5.18.2011

The Science! The Science!

Reason the Second: The Science! The Science!

This post is Part 3 in a 5 Part series about why space travel should be made a priority by governments, world leaders, private companies, engineers, scientists, and teachers. Click here to read Part 1 and Part 2.  Follow my blog or follow me on Twitter @jajaamanda to be alerted to when the next one is up!

Nick Risinger's Photopic Sky Survey (5000 mega pixels!)
Space has been the domain of art, divination, and religion, but since science reached the level of sophistication it has today space has claimed the attention of scientists. There are.... (deep breath) astronomers, astrophysicists, astrogeologists, astrobiologists, astrochemists, astrohydrologists, astro-anythingists! My point is that any question you can ask about anything on Earth you can also ask about Space, and your answer is going to be different and new because the surrounding variables are endlessly different and new.

And the best place to observe space from is space.

Endeavor brought with it a fancy shmancy particle physics do-hickey called the AMS - Alpha Magnetic Spectrometer - that can do some fabulous science that physicists can't do here down on the ground. The AMS is a telescope of sorts, only, it doesn't measure light. It measures particles. And up in space, our grimy atmosphere doesn't get in the way.

Says NASA:
The Alpha Magnetic Spectrometer is a state-of-the-art, high energy particle physics experiment built in Geneva by a collaboration of 16 different countries. It will search for clues on what the universe is made of and how it began, the origin of dark matter, antimatter and strangelets, pulsars, blazers and gamma ray bursters. And that’s just what the scientists now to look for.
Isn't it the cutest effin' noise you've ever seen? (right, February?)
So it could answer questions for us that we don't even have the capacity to ask yet.

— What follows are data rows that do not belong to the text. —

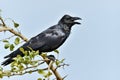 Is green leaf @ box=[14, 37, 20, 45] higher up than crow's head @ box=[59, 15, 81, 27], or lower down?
lower down

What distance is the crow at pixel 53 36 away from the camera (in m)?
7.80

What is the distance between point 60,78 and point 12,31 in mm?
893

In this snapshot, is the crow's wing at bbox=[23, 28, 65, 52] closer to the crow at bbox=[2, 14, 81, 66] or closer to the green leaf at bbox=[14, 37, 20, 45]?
the crow at bbox=[2, 14, 81, 66]

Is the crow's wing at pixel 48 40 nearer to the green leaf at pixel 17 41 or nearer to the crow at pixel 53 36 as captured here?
the crow at pixel 53 36

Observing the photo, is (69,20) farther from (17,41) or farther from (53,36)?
(17,41)

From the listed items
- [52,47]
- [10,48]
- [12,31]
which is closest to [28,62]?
[10,48]

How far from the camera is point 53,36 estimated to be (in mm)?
8148

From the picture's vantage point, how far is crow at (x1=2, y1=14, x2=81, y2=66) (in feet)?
25.6

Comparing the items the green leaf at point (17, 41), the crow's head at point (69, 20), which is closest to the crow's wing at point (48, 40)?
the crow's head at point (69, 20)

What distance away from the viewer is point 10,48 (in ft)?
17.0

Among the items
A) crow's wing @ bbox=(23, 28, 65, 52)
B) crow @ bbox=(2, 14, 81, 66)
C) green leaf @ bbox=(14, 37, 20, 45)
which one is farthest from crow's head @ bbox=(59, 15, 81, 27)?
green leaf @ bbox=(14, 37, 20, 45)

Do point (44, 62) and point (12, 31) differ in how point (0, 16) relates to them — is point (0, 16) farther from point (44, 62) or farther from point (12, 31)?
point (44, 62)

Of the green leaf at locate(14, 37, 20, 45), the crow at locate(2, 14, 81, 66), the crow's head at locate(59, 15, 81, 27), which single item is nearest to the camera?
the green leaf at locate(14, 37, 20, 45)

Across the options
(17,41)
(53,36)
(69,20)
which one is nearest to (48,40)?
(53,36) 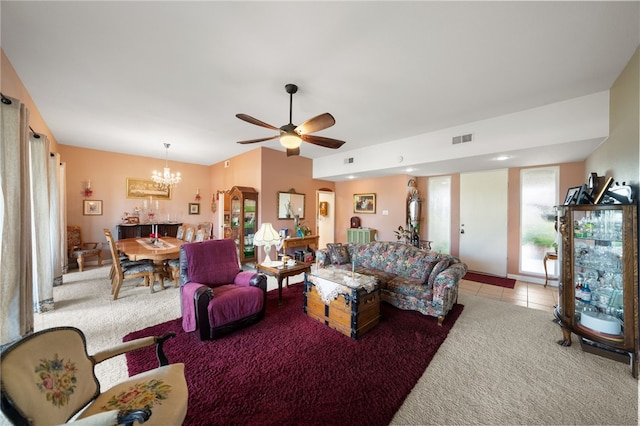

Also aboard Endeavor is a squid with a flashlight. (No, I promise it's not a Disney/Pixar Nemo/Wall-E crossover.)

The bobtail squid uses a pouch of bio luminescent bacteria to light its way underwater and fool predators. It can control how bright it gets by regulating the amount of oxygen the little bacteria get. More oxygen, brighter light.

The little guys are headed to outer space to see if the lack of gravity affects their bacteria-gathering and flashlight-shining abilities. It's the first step in figuring out if the good bacteria in humans is affected by weightlessness.

Once we know exactly how humans are affected by being out in the cold, dark, floatesphere (I coined that term just now, like it?) we can be more confident about sending humans farther into the solar system, possibly to Gliese 518g, the most Earth-like planet ever discovered. And the best way to learn about a thing is to be able to observe it first hand. 

Everything we know about everything we can observe is biased by our point of view here on Earth. All of the solid things we rest on, all of the constants in our lives are of the Earth. Once we leave Earth, imagine the new insights and the new point of view we'd have!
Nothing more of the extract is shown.